It’s happy days for Tim Horton’s (TSX: THI, NYSE: THI) investors. Shares of the Canadian icon are up almost 40% in the past year — nearing an all-time high. And the stock has been one of the best performers in the S&P/TSX Composite Index.
Is it time to pop the champagne? While it may seem counterintuitive, savvy shareholders are actually disappointed with the stock’s good performance this year.
Good investing is counterintuitive
Picture yourself behind the controls of a small airplane. Suddenly a warning light goes off. You’re losing airspeed and altitude. What do you do?
If you’re like me, you pull back on the stick as hard as you can. Instinct compels you to point the nose upwards to pull the plane out of its dive. Congratulations, you’re now a statistic.
Experienced pilots, in contrast, do the opposite. They push the stick forward and point the nose of the aircraft to the ground. As the plane descends it picks up airspeed and the wings start to generate lift. Slowly the pilot will pull back of the controls and level off. The crisis has been averted.

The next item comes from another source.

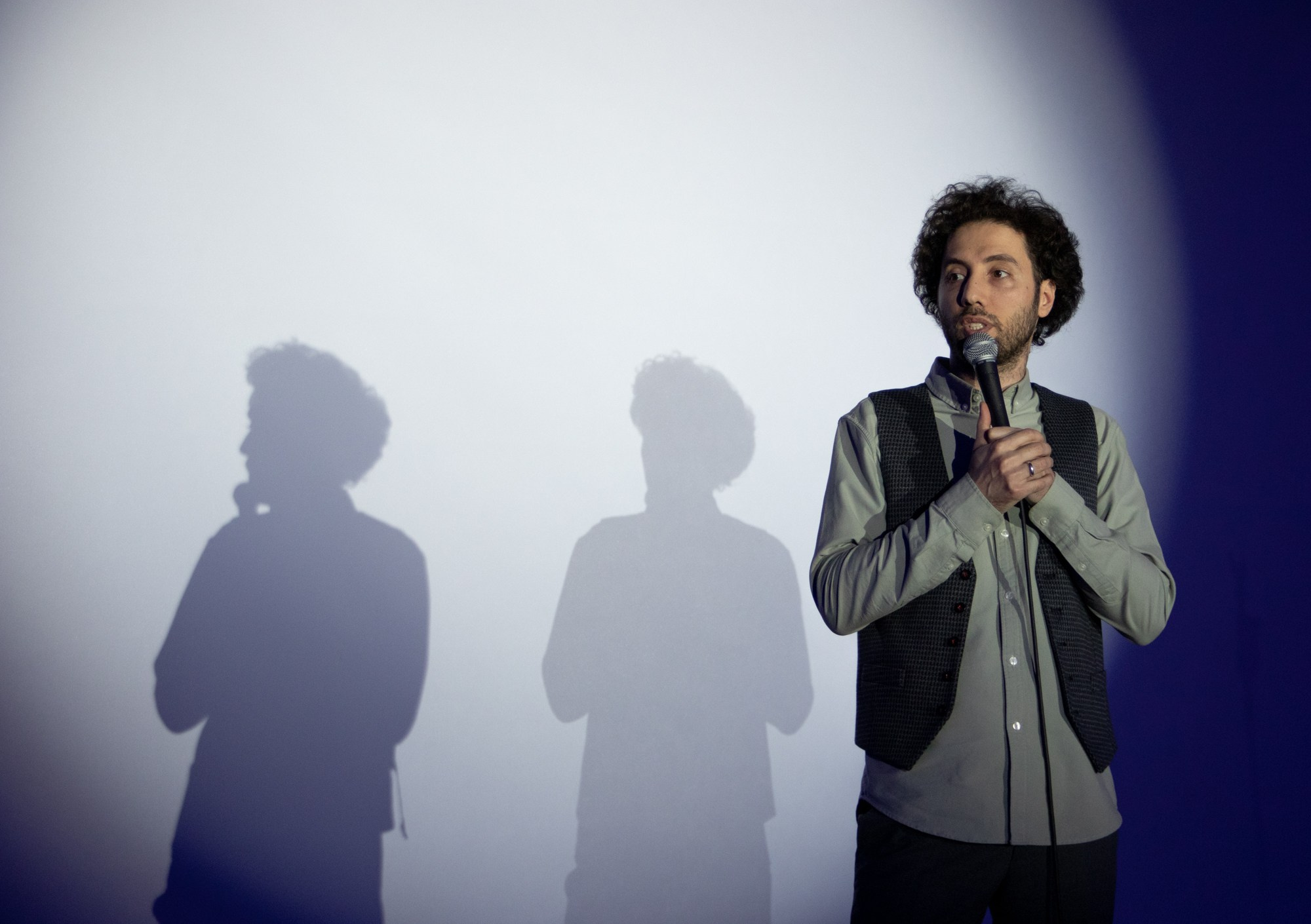 Выступление стендап-комика Дмитрий Романов. Репортажный, промышленный и маркетплейс-фотограф Дмитрий Чернат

Everything about flying to counterintuitive. Going higher and faster is actually safer! Pilots are trained to resist their instincts.
The same applies to investing. We cheer when equities go up. When our neighbours start to invest in high flying tech stocks, we feel compelled to join them.
But savvy investors, like an experienced pilot, know not to trust their instincts. When the market rallies, you’re just paying a higher fare for the same merchandise. And as Warren Buffett once said, you pay a high price for a cheery consensus.
What shareholders should really want
Tim Horton’s is a wonderful business. The company has enormous brand loyalty and generates ample cash flow. Since going public in 2006, management has used that excess capital to repurchase over 25% of its outstanding shares.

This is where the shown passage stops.